*Dataset excerpts*:
##############################
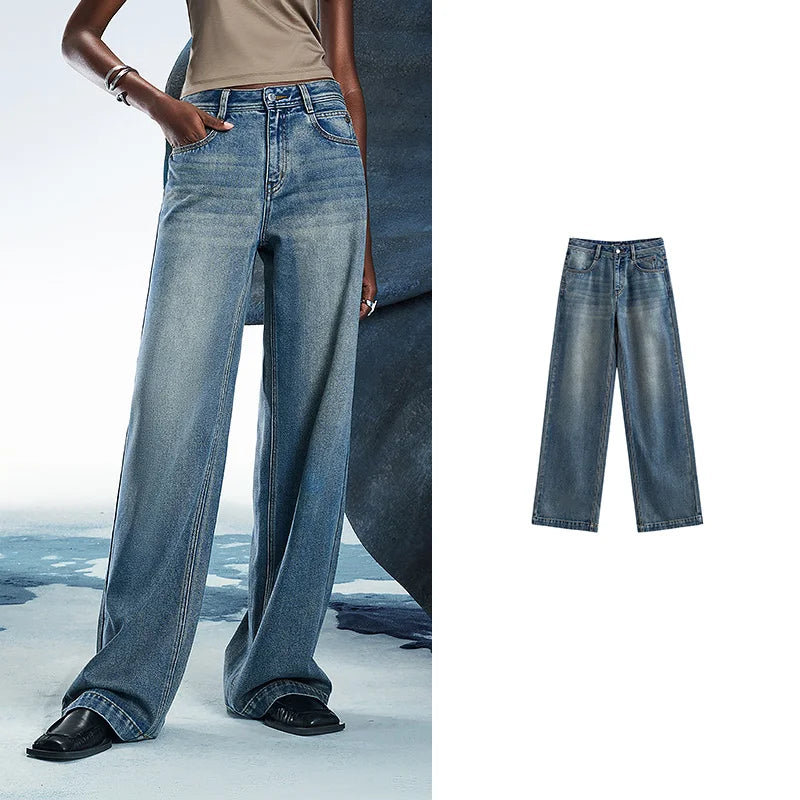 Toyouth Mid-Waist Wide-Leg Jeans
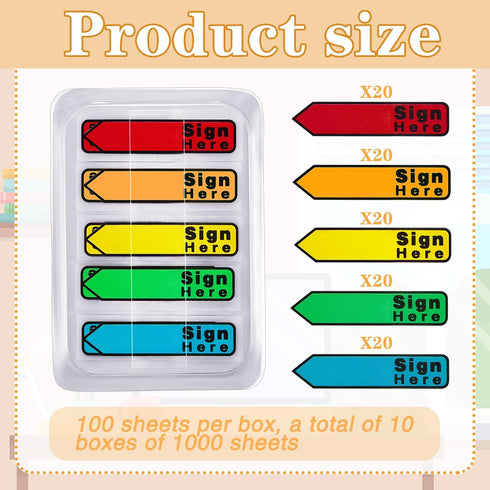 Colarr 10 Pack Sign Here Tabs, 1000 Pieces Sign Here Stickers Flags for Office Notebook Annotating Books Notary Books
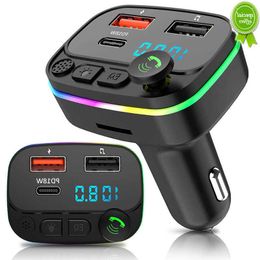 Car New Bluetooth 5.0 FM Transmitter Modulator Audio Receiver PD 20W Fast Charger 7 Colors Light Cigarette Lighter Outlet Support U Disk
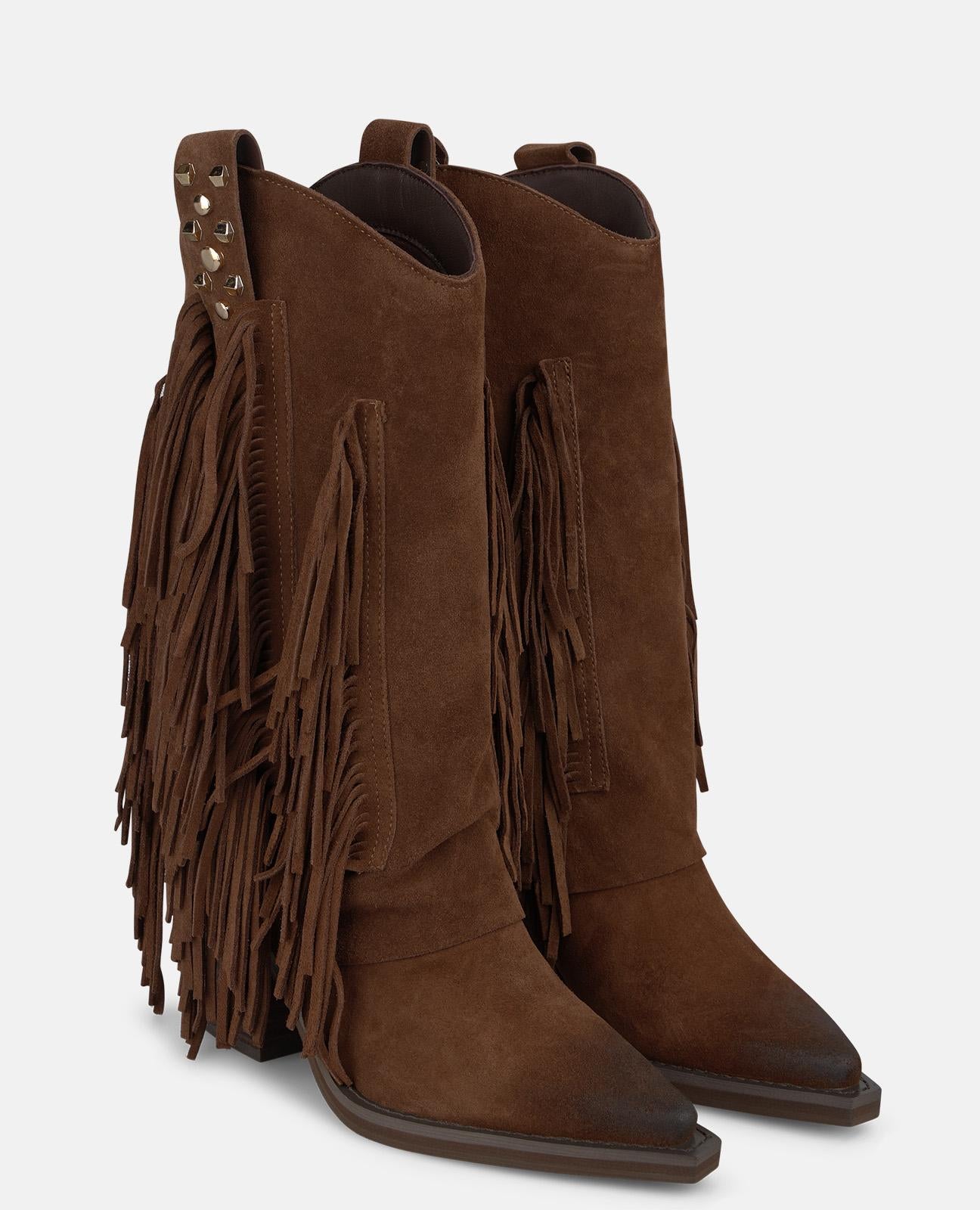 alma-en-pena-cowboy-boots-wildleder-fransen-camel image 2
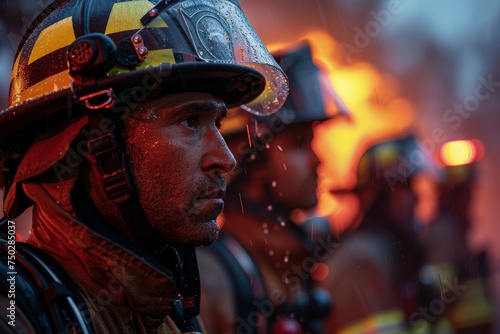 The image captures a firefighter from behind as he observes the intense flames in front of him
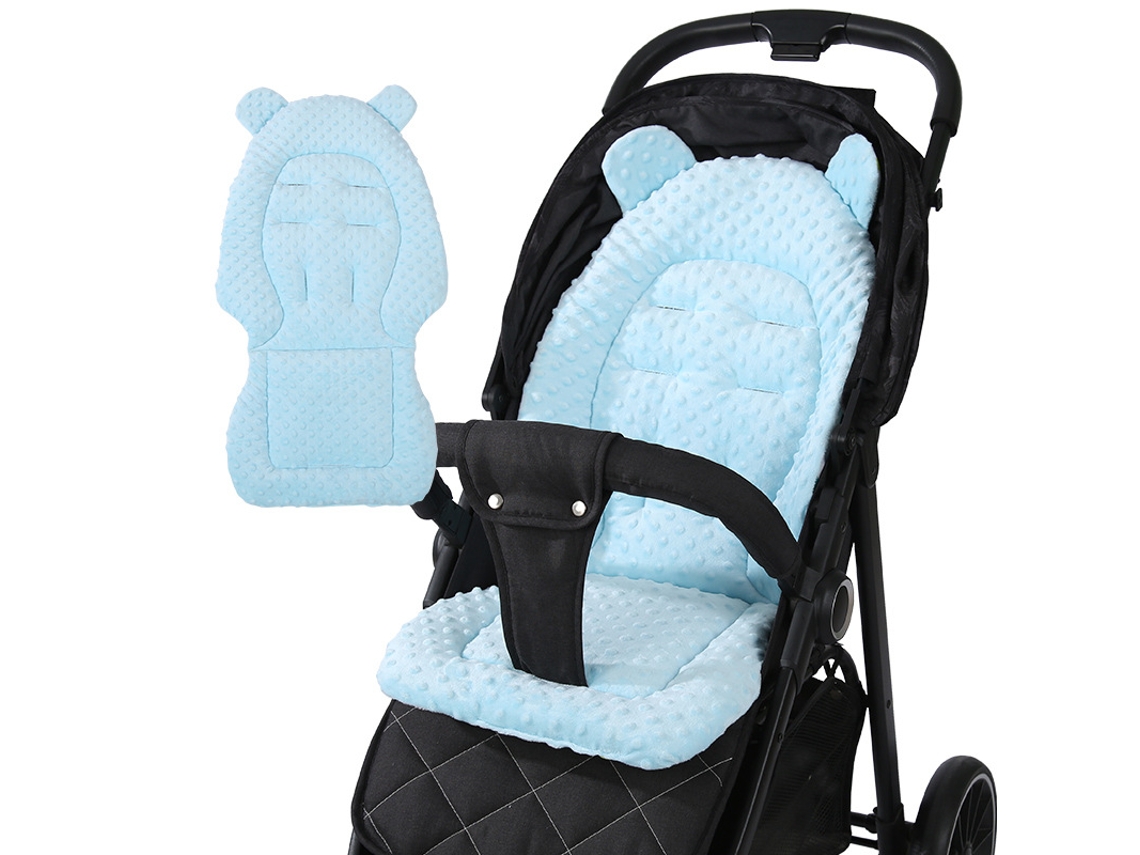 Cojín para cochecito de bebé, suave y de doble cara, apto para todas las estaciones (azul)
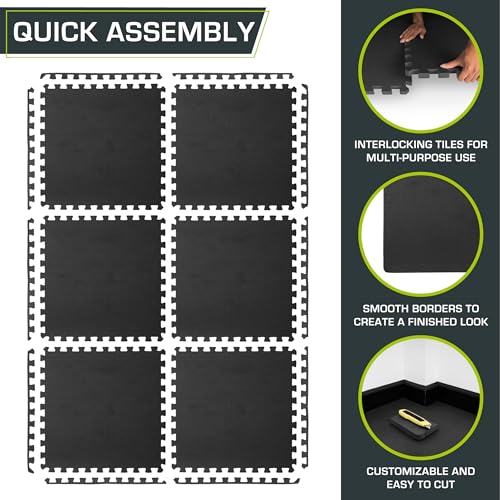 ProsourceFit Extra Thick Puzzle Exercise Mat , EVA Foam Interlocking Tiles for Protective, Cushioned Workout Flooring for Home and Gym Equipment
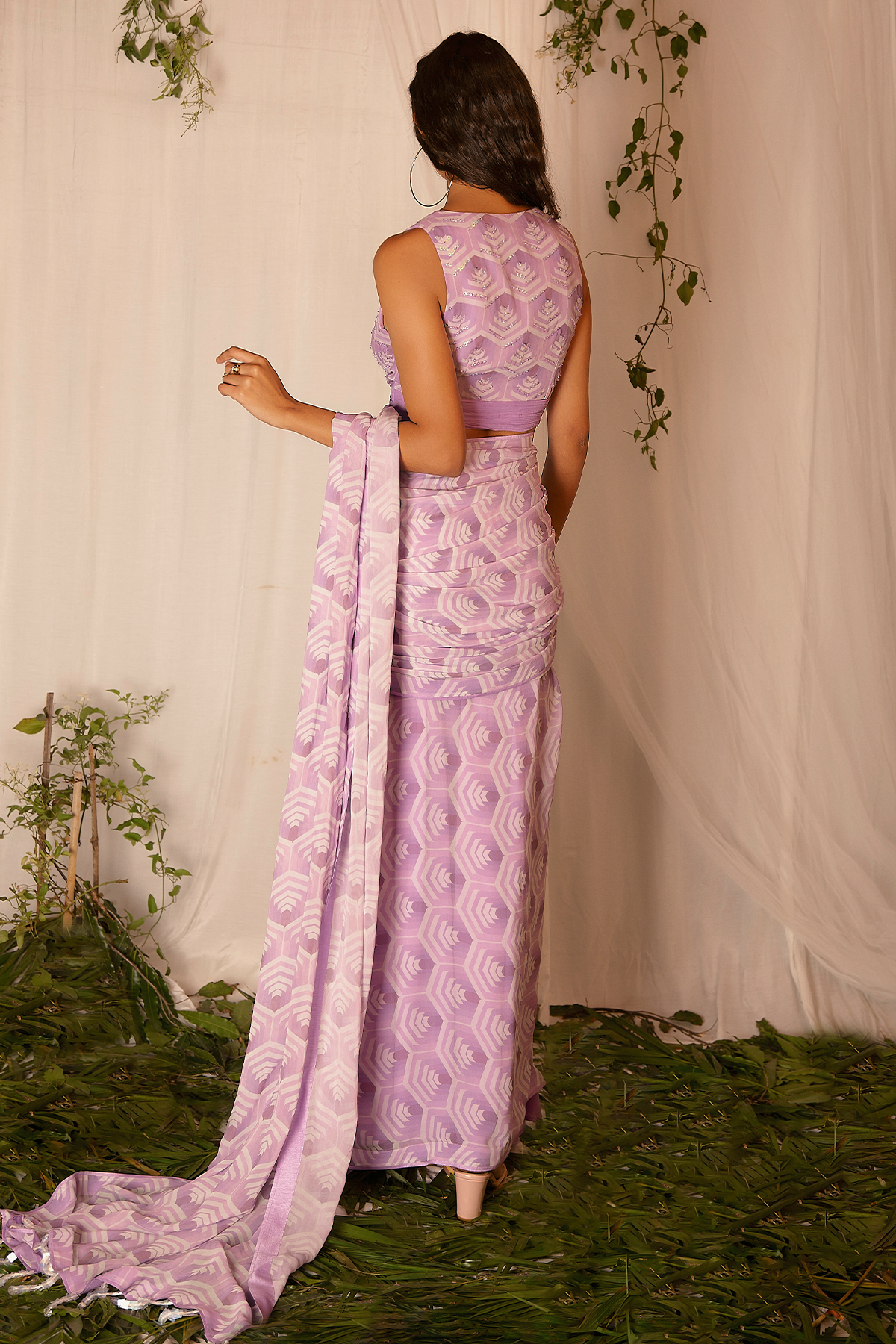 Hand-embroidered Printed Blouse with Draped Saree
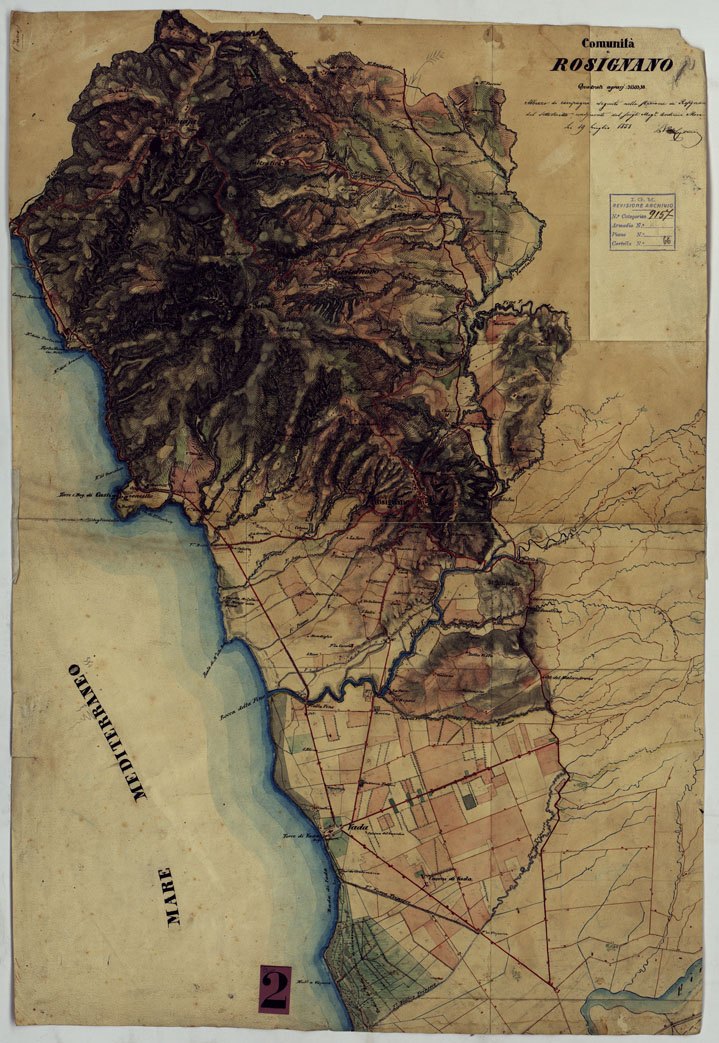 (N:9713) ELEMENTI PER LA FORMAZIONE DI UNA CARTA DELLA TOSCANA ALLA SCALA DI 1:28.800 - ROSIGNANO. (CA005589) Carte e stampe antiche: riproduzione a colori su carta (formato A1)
##############################
*EXERCISE GOAL*: Repeat every entry exactly, but leave out the pictures.

*RESULT BELOW*:
 Toyouth Mid-Waist Wide-Leg Jeans
 Colarr 10 Pack Sign Here Tabs, 1000 Pieces Sign Here Stickers Flags for Office Notebook Annotating Books Notary Books
 Car New Bluetooth 5.0 FM Transmitter Modulator Audio Receiver PD 20W Fast Charger 7 Colors Light Cigarette Lighter Outlet Support U Disk
 alma-en-pena-cowboy-boots-wildleder-fransen-camel image 2
 The image captures a firefighter from behind as he observes the intense flames in front of him
 Cojín para cochecito de bebé, suave y de doble cara, apto para todas las estaciones (azul)
 ProsourceFit Extra Thick Puzzle Exercise Mat , EVA Foam Interlocking Tiles for Protective, Cushioned Workout Flooring for Home and Gym Equipment
 Hand-embroidered Printed Blouse with Draped Saree
 (N:9713) ELEMENTI PER LA FORMAZIONE DI UNA CARTA DELLA TOSCANA ALLA SCALA DI 1:28.800 - ROSIGNANO. (CA005589) Carte e stampe antiche: riproduzione a colori su carta (formato A1)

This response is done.